ConfigurationThroughput (obj/s)avgP50P99
ext4 + buffered + fsync79,1231262 µs1229 µs1852 µs
ext4 + O_DIRECT + fsync116,041859 µs828 µs1425 µs
Our engine190,985413 µs363 µs1013 µs

The engine’s throughput is 2.4× the buffered+fsync case and 1.6× the O_DIRECT+fsync case. Average latency is 3.1× and 2.1× lower respectively. The gap comes from removing fsync from the write path entirely, plus pre-allocation eliminating filesystem-journal metadata commits, which is what tightens the tail latencies.

A note on fairness: both ext4+fsync configurations only fsync the data file, not the parent directory. POSIX strictly requires a parent-directory fsync to make a newly created file’s existence durable. Otherwise the file can disappear after a power loss. So the two control configurations are weaker than strict POSIX durability for newly created files. Adding the parent-directory fsync would only make their latencies worse and widen the gap.

Beyond the synthetic benchmark, end-to-end product testing confirmed the same trend. The previous engine used a MinIO-like approach: one file per object, written via O_DIRECT without fsync. For atomic writes, each PUT writes to a temporary file and then renames it to the target path. Each step (creating the temp file, modifying directory entries, committing the rename) touches filesystem metadata, and the cumulative cost is significant. That is why it ends up slower than the new engine.

End-to-end PUT 4K

MetricOld engineNew engineChange
obj/s248,545333,308+34.1%
Avg latency6.6 ms4.4 ms-33.3%

Throughput is up around 34% and average latency is down by about 33%. The result aligns with the synthetic benchmark. The important variables to compare when reproducing the test are the instance type, local NVMe device, kernel version, filesystem mount options, queue depth, object count, warmup, and exact workload command. Test configuration details are in the fractalbits repository.

Known limitations

Requires a narrow SSD durability contract. The no-fsync path is only correct when direct-write completion and 4KB atomic journal-commit assumptions hold across power failure. Commodity SSDs, virtual block devices, RAID layers, or unsafe write-back caches can break those assumptions. Those environments need an explicit sync-based fallback.

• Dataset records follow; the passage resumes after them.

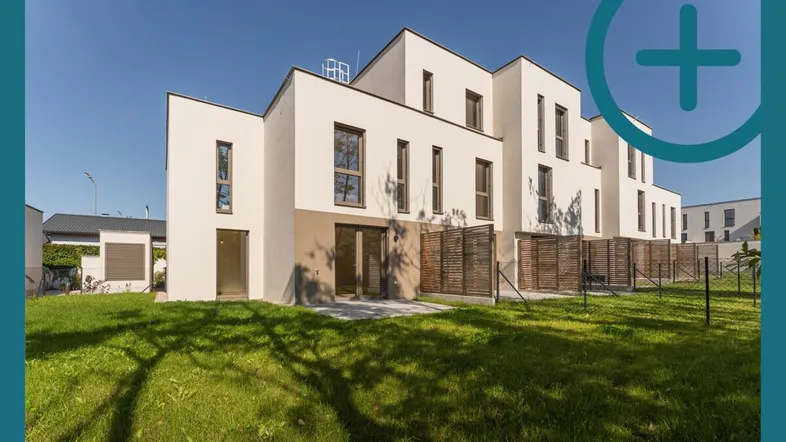 Moderne Reihenhäuser mit weißer Fassade und großem Gartenbereich unter blauem Himmel.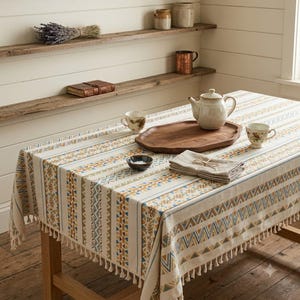 May include: A rectangular tablecloth featuring a cream base with vertical stripes of geometric patterns in muted blue, mustard yellow, and brown. The edges are finished with short, cream-colored fringe tassels along the entire perimeter.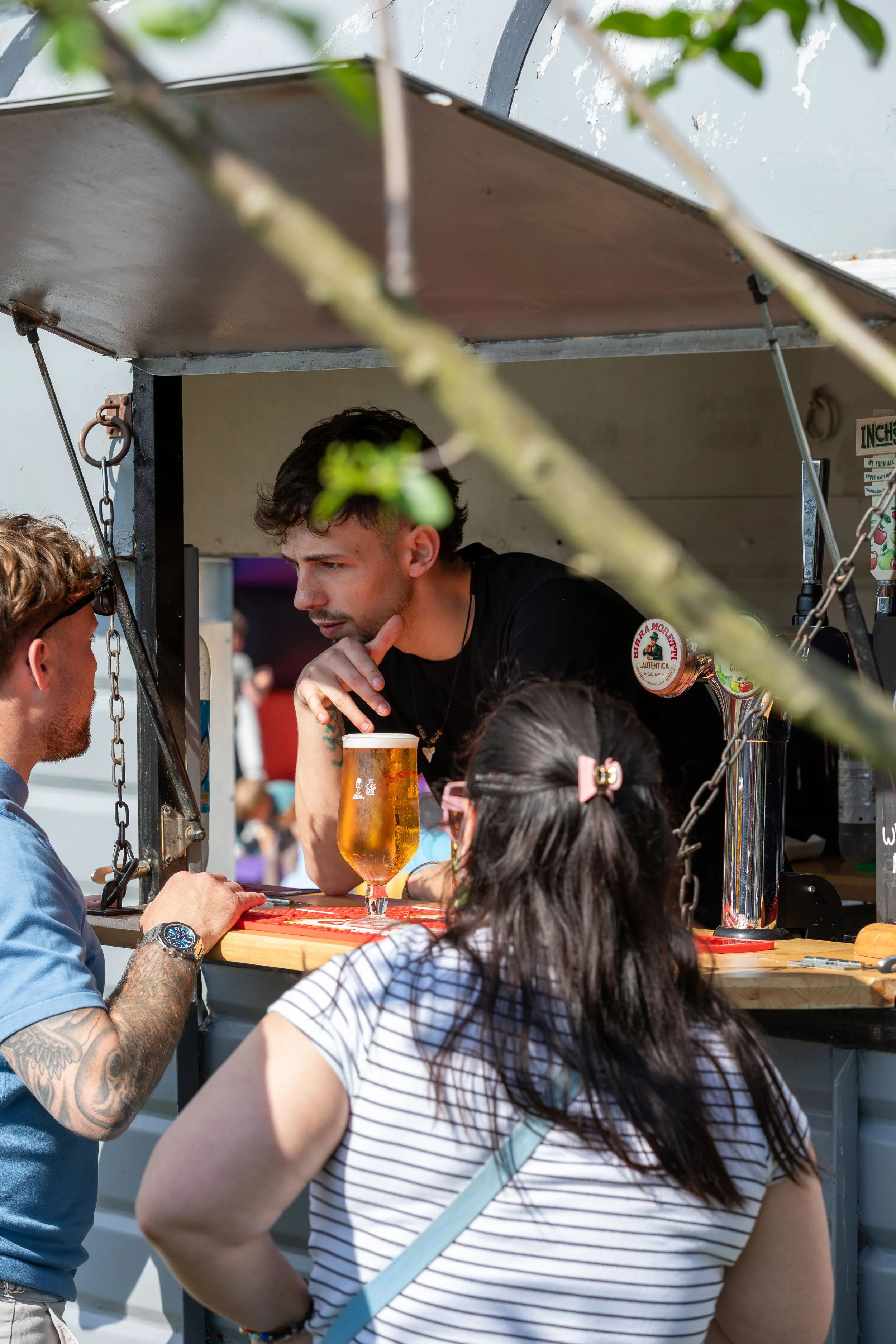 Bartender serving customers from mobile hoursebox bar at The Partridge Inn music festival in Singleton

Not suited for HDDs. The optimization assumes SSD random-write performance is good enough. On HDDs, seek dominates, the space-map layout strategy needs a redesign, and O_DIRECT loses much of its advantage.

Not a general-purpose KV engine. The current API is narrowly scoped to what our product needs. PUT, GET, DELETE, and LIST cover our cases but don’t match general-purpose KV engines like RocksDB or LevelDB. Complex range-scan variants, TTL, secondary indexes, and compression-policy tuning are not implemented.

Not a general transaction engine. The engine does not try to provide arbitrary multi-statement database transactions, cross-table transactions, or serializable isolation. We are not a database and don’t intend to evolve into one. Workloads that need those semantics should use something else.

Still on a filesystem, not raw drive. fallocate plus pre-zeroing plus O_DIRECT minimizes filesystem-metadata noise on the write path, but we have not actually skipped the filesystem layer. For on-prem deployments where the workload can take a whole device, going further is a natural next step: dropping the filesystem entirely and managing the block layer directly. Direct raw-drive control allows tighter management of device-level write patterns, lower host-side write amplification reaching NAND, and better integration with host-managed features like ZNS to reduce in-drive GC. The result would be even more predictable latency.

Closing

Removing fsync was not a trick; it moved responsibility from the filesystem into our engine and deployment contract. In our high-performance setting, fsync’s cost was high enough to justify rebuilding the write path around explicit allocation, journaling, and recovery. The design is narrower than a filesystem or general-purpose database, but for this workload the performance numbers say the trade-off was worth it.